I am very much a people person, so I used to hate the quiet. I am the one who thinks if two friends are fun, then twenty would be more fun. I love music and I would turn the radio on as soon as I got up in the mornings to catch the news and literally leave it on all day long without even thinking about it.
As many of you know, I’ve spent the last eighteen months writing a fiction book on the human sex trafficking of minors in Atlanta. After months of research and interviews, I spent countless hours alone at my computer working. In the process, I’ve come to love the quiet.
It wasn’t easy, mind you. I fought the idea of quiet through these months. Once I said out loud to an empty room, “The quiet is hurting my ears.” However, in the process of forced quiet, I’ve come to fall in love with it. Don’t get me wrong, I still need some music blasting, kids yelling for something they need downstairs from upstairs and the telephone ringing off the hook, but if I don’t have a time of quiet in my day, something just seems off.
Quiet time….people of faith talk about a quiet time, but when you ask them what a quiet time is you get various responses like: “It’s a time when I put on worship music and get before Jesus.” Others have said “It’s when I read a devotional or do my Bible study.” All of those things are great and I do them myself, but that isn’t really quiet time. Quiet time is the absence of noise…the absence of distractions…the absence of voices, including your own. It is in the quiet that we hear the gentle whisper of God.

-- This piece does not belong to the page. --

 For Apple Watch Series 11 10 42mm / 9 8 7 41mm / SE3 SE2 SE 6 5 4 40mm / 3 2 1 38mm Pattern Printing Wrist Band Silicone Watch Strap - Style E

The LORD said, “Go out and stand on the mountain in the presence of the LORD, for the LORD is about to pass by.” Then a great and powerful wind tore the mountains apart and shattered the rocks before the LORD, but the LORD was not in the wind. After the wind there was an earthquake, but the LORD was not in the earthquake. After the earthquake came a fire, but the LORD was not in the fire. And after the fire came a gentle whisper. [1 Kings 19:11-12]
God is always speaking, but we aren’t always listening. We are distracted by our world and we miss Him quite often. Hearing God speak doesn’t have to be the exception. It can be the norm, but we must get quiet, which is more than just the turning the radio off. We must quiet ourselves before Him. Shhhhhh. Can you hear it? Are you listening?